Two years on both Charlie and Barbara remain committed to teaching children and adults about life on the farm. The couple have lived and farmed at Wayside near Kings Langley for 30 year's, and there have been many changes in that time. From taking on the tenancy in 1980 and having a few chickens, 17 cows and managing an area of 62 acres, they now have a Jersey herd of 75 in milk and manage 156 acres.

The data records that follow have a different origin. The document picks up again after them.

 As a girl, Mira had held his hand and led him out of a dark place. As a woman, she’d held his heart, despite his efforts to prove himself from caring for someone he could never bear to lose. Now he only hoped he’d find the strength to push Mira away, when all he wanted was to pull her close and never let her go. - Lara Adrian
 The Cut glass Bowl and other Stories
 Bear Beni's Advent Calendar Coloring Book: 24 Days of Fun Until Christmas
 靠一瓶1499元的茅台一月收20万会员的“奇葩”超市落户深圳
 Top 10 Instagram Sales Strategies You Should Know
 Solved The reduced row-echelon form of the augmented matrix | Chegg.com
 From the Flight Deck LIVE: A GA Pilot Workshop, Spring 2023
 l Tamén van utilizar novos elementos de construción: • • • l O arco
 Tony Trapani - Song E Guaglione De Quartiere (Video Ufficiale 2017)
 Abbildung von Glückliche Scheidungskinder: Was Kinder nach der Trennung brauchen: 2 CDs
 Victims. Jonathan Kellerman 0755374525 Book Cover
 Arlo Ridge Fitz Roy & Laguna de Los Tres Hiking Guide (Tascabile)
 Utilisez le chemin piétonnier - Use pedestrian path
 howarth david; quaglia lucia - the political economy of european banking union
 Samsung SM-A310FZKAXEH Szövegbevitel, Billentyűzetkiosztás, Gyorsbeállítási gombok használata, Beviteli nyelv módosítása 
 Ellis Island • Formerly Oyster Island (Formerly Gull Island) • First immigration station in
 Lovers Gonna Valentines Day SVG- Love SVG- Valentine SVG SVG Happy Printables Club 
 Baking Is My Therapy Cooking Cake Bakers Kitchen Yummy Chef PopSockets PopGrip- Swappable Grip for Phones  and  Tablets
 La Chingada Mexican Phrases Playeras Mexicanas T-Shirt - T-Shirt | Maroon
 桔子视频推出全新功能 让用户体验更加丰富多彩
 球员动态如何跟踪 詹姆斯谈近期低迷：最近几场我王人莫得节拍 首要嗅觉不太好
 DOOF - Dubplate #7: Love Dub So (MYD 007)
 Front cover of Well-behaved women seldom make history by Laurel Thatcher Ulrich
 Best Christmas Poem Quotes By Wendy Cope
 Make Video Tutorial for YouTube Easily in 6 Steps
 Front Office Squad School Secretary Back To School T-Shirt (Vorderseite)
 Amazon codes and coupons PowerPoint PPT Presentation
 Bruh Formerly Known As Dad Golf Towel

Recently Charlie has taken the CEVAS (Countryside Educational Visits Accreditation Scheme) course. Run by FACE, a registered charity whose main aim is to educate children about farming and rural life. It has given Charlie the freedom to carry out his good work with the public on a day-to-day basis. The course covers preparing for visits, food and farming, the National Curriculum and talking to students and teachers. Charlie said “it wasn’t an easy course, but I am so pleased to have completed it successfuly, and I would recomend it to any farmer interested in helping edcuate the next generation about farming and agriculture. I learnt a lot whilst on the two day course, and it has aided my work greatly. Looking back It was definitely worth while doing”. Both Charlie and Barbara carry out their fantastic work educating the South East’s school children without any financial incentive, yet in an industry such as theirs time is so valuable in order to be productive.

Charlie’s view of farming is that it’s a way of life, nevertheless he worries that the same opportunities don’t exist for prospective farmers today.
Charlie said “We built the farm up from nothing, people couldn’t do today what we did 30 years ago here at Wayside - the start up costs would just be far too high. I find it sad since it’s such a fantastic way of life”.